» WHAT THE TASK ASKS: The records are to be copied exactly and in full.

» MATERIAL PROVIDED:

_ _ _ _

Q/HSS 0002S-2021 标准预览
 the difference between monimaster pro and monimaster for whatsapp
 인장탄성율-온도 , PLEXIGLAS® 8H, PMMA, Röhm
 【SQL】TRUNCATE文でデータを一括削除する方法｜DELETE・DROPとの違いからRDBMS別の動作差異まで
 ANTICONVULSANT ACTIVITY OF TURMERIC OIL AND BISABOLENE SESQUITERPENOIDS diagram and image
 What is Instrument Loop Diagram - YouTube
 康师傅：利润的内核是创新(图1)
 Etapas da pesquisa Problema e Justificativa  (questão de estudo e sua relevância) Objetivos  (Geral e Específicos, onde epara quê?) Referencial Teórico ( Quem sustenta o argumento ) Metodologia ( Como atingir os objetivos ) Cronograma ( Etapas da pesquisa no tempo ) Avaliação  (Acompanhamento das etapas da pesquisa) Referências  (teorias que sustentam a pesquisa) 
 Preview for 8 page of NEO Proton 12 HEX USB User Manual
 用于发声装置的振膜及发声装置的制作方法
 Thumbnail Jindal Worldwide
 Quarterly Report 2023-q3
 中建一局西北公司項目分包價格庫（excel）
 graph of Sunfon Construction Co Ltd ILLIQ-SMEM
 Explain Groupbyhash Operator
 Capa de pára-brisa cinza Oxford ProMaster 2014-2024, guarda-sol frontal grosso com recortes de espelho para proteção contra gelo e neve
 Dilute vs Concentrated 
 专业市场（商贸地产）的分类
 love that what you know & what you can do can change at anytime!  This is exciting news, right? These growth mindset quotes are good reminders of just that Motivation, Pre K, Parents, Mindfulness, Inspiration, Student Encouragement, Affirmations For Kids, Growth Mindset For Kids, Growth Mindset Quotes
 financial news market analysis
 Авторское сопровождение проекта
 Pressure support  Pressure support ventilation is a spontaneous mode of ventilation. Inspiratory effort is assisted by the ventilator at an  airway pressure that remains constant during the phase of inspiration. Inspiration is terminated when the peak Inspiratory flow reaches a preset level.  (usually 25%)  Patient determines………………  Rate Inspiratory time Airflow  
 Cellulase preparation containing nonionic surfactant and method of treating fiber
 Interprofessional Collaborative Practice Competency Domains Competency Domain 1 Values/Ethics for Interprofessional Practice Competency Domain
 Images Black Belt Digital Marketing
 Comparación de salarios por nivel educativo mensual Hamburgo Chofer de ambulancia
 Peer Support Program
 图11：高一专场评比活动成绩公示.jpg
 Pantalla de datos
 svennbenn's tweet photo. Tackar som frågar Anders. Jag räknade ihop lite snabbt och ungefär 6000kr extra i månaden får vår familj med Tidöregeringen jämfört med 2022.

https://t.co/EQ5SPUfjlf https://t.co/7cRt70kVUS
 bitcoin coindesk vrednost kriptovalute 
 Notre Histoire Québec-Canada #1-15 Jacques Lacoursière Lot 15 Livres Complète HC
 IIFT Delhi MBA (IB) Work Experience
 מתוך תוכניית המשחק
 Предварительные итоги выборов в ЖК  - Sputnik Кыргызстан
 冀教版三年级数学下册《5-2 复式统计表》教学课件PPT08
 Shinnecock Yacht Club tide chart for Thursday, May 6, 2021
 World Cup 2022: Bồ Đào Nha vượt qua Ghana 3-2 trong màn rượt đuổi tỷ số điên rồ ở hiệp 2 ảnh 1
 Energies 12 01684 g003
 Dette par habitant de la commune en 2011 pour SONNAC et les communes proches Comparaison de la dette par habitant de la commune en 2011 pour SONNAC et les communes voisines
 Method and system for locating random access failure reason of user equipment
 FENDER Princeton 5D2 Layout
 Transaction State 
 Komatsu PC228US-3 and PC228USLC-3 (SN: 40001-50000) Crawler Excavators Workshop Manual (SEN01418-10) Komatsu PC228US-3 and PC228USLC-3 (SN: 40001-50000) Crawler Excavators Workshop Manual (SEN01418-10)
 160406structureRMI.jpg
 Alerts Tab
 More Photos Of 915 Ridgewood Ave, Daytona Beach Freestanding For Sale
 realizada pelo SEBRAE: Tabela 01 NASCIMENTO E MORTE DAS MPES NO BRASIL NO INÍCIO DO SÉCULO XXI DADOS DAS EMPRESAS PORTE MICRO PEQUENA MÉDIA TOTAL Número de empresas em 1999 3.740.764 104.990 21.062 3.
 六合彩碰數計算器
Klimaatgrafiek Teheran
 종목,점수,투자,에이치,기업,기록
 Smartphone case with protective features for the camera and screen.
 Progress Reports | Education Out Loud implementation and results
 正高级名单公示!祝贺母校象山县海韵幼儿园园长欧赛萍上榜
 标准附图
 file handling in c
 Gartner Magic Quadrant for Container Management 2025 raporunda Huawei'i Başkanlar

_ _ _ _

» EXERCISE OUTPUT:
Q/HSS 0002S-2021 标准预览
 the difference between monimaster pro and monimaster for whatsapp
 인장탄성율-온도 , PLEXIGLAS® 8H, PMMA, Röhm
 【SQL】TRUNCATE文でデータを一括削除する方法｜DELETE・DROPとの違いからRDBMS別の動作差異まで
 ANTICONVULSANT ACTIVITY OF TURMERIC OIL AND BISABOLENE SESQUITERPENOIDS diagram and image
 What is Instrument Loop Diagram - YouTube
 康师傅：利润的内核是创新(图1)
 Etapas da pesquisa Problema e Justificativa  (questão de estudo e sua relevância) Objetivos  (Geral e Específicos, onde epara quê?) Referencial Teórico ( Quem sustenta o argumento ) Metodologia ( Como atingir os objetivos ) Cronograma ( Etapas da pesquisa no tempo ) Avaliação  (Acompanhamento das etapas da pesquisa) Referências  (teorias que sustentam a pesquisa) 
 Preview for 8 page of NEO Proton 12 HEX USB User Manual
 用于发声装置的振膜及发声装置的制作方法
 Thumbnail Jindal Worldwide
 Quarterly Report 2023-q3
 中建一局西北公司項目分包價格庫（excel）
 graph of Sunfon Construction Co Ltd ILLIQ-SMEM
 Explain Groupbyhash Operator
 Capa de pára-brisa cinza Oxford ProMaster 2014-2024, guarda-sol frontal grosso com recortes de espelho para proteção contra gelo e neve
 Dilute vs Concentrated 
 专业市场（商贸地产）的分类
 love that what you know & what you can do can change at anytime!  This is exciting news, right? These growth mindset quotes are good reminders of just that Motivation, Pre K, Parents, Mindfulness, Inspiration, Student Encouragement, Affirmations For Kids, Growth Mindset For Kids, Growth Mindset Quotes
 financial news market analysis
 Авторское сопровождение проекта
 Pressure support  Pressure support ventilation is a spontaneous mode of ventilation. Inspiratory effort is assisted by the ventilator at an  airway pressure that remains constant during the phase of inspiration. Inspiration is terminated when the peak Inspiratory flow reaches a preset level.  (usually 25%)  Patient determines………………  Rate Inspiratory time Airflow  
 Cellulase preparation containing nonionic surfactant and method of treating fiber
 Interprofessional Collaborative Practice Competency Domains Competency Domain 1 Values/Ethics for Interprofessional Practice Competency Domain
 Images Black Belt Digital Marketing
 Comparación de salarios por nivel educativo mensual Hamburgo Chofer de ambulancia
 Peer Support Program
 图11：高一专场评比活动成绩公示.jpg
 Pantalla de datos
 svennbenn's tweet photo. Tackar som frågar Anders. Jag räknade ihop lite snabbt och ungefär 6000kr extra i månaden får vår familj med Tidöregeringen jämfört med 2022.

https://t.co/EQ5SPUfjlf https://t.co/7cRt70kVUS
 bitcoin coindesk vrednost kriptovalute 
 Notre Histoire Québec-Canada #1-15 Jacques Lacoursière Lot 15 Livres Complète HC
 IIFT Delhi MBA (IB) Work Experience
 מתוך תוכניית המשחק
 Предварительные итоги выборов в ЖК  - Sputnik Кыргызстан
 冀教版三年级数学下册《5-2 复式统计表》教学课件PPT08
 Shinnecock Yacht Club tide chart for Thursday, May 6, 2021
 World Cup 2022: Bồ Đào Nha vượt qua Ghana 3-2 trong màn rượt đuổi tỷ số điên rồ ở hiệp 2 ảnh 1
 Energies 12 01684 g003
 Dette par habitant de la commune en 2011 pour SONNAC et les communes proches Comparaison de la dette par habitant de la commune en 2011 pour SONNAC et les communes voisines
 Method and system for locating random access failure reason of user equipment
 FENDER Princeton 5D2 Layout
 Transaction State 
 Komatsu PC228US-3 and PC228USLC-3 (SN: 40001-50000) Crawler Excavators Workshop Manual (SEN01418-10) Komatsu PC228US-3 and PC228USLC-3 (SN: 40001-50000) Crawler Excavators Workshop Manual (SEN01418-10)
 160406structureRMI.jpg
 Alerts Tab
 More Photos Of 915 Ridgewood Ave, Daytona Beach Freestanding For Sale
 realizada pelo SEBRAE: Tabela 01 NASCIMENTO E MORTE DAS MPES NO BRASIL NO INÍCIO DO SÉCULO XXI DADOS DAS EMPRESAS PORTE MICRO PEQUENA MÉDIA TOTAL Número de empresas em 1999 3.740.764 104.990 21.062 3.
 六合彩碰數計算器
Klimaatgrafiek Teheran
 종목,점수,투자,에이치,기업,기록
 Smartphone case with protective features for the camera and screen.
 Progress Reports | Education Out Loud implementation and results
 正高级名单公示!祝贺母校象山县海韵幼儿园园长欧赛萍上榜
 标准附图
 file handling in c
 Gartner Magic Quadrant for Container Management 2025 raporunda Huawei'i Başkanlar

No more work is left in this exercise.